Start of Provided data
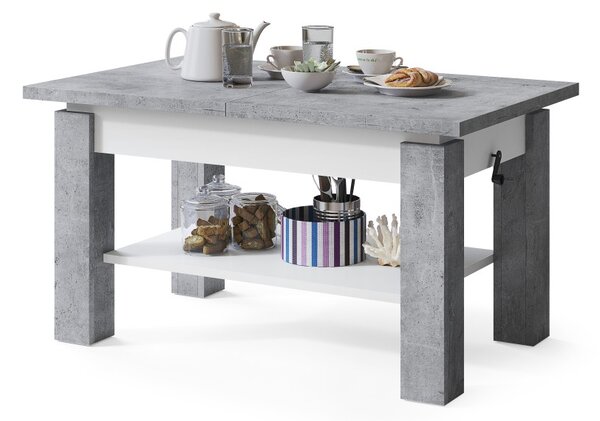 Mazzoni ASTORIA Beton Millennium/Alb Mat - MĂSUȚĂ EXTENSIBILĂ MĂSUȚĂ DE CAFEA CU RAFT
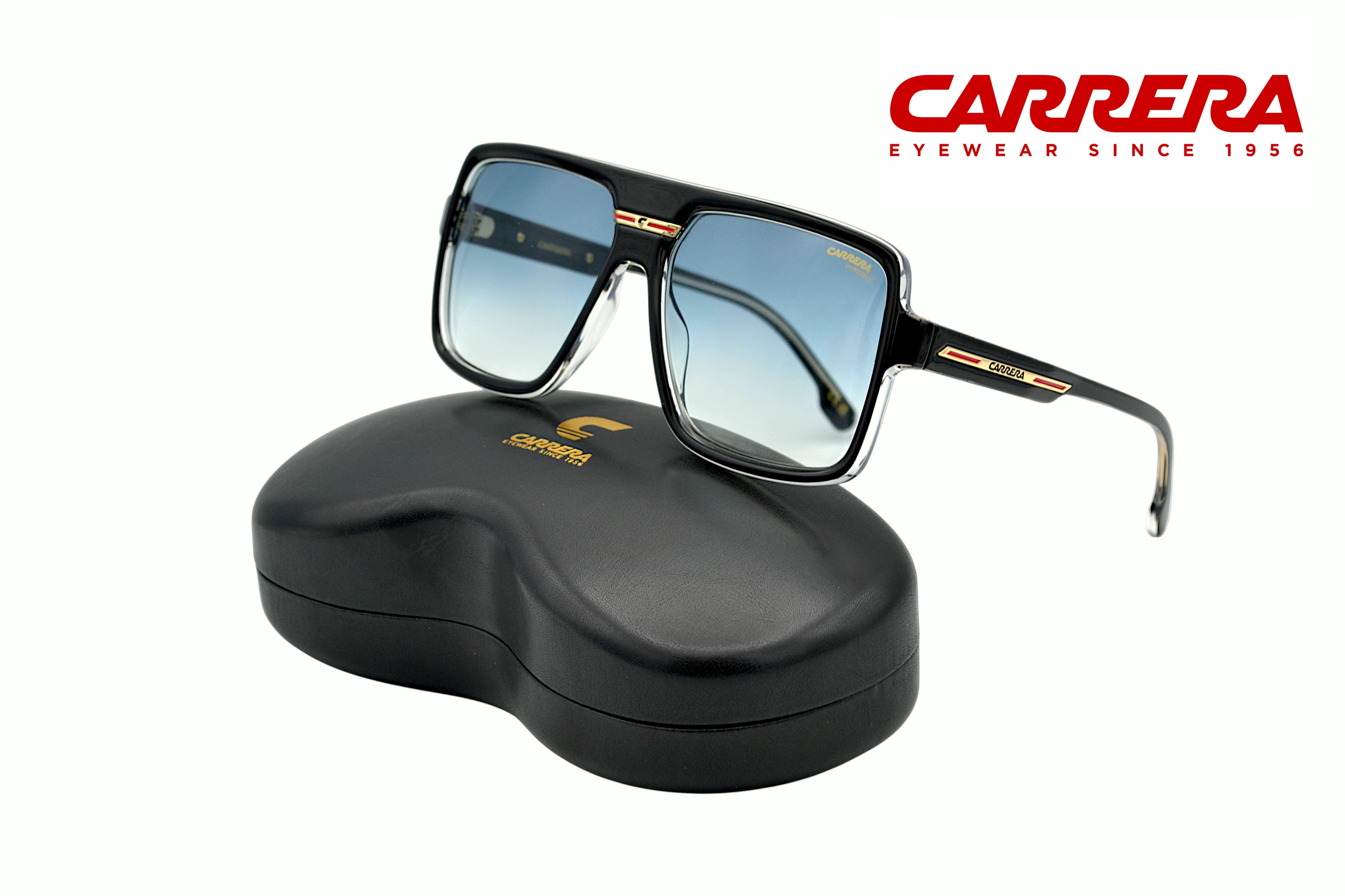 CARRERA Sunglasses - Made in Italy for Men, Rectangular Design, Black Acetate VICTORY C09S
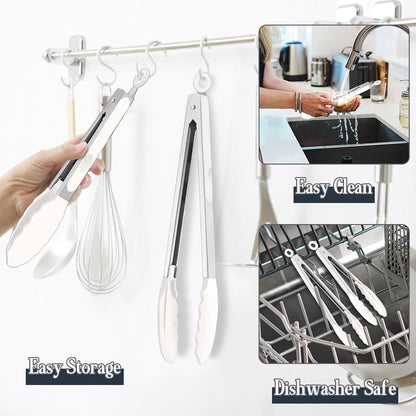 Kitchen Tongs, 9"&12" Stainless Steel Heat Resistant Cooking Tongs | with Silicone Tips for Cooking Grilling Serving & BBQ, Silicone Tongs, Locking Design & Dishwasher Safe, Set of 2 & Khaki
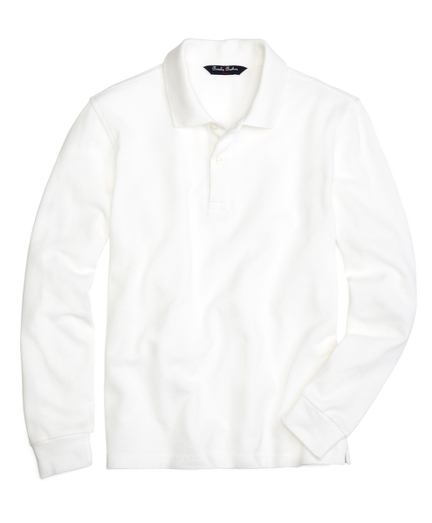 Boys Long-Sleeve Pique Polo Shirt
End of Provided data
_The task_:
From the first line to the last, repeat the material exactly, but drop the pictures.

_Expected output_:
 Mazzoni ASTORIA Beton Millennium/Alb Mat - MĂSUȚĂ EXTENSIBILĂ MĂSUȚĂ DE CAFEA CU RAFT
 CARRERA Sunglasses - Made in Italy for Men, Rectangular Design, Black Acetate VICTORY C09S
 Kitchen Tongs, 9"&12" Stainless Steel Heat Resistant Cooking Tongs | with Silicone Tips for Cooking Grilling Serving & BBQ, Silicone Tongs, Locking Design & Dishwasher Safe, Set of 2 & Khaki
 Boys Long-Sleeve Pique Polo Shirt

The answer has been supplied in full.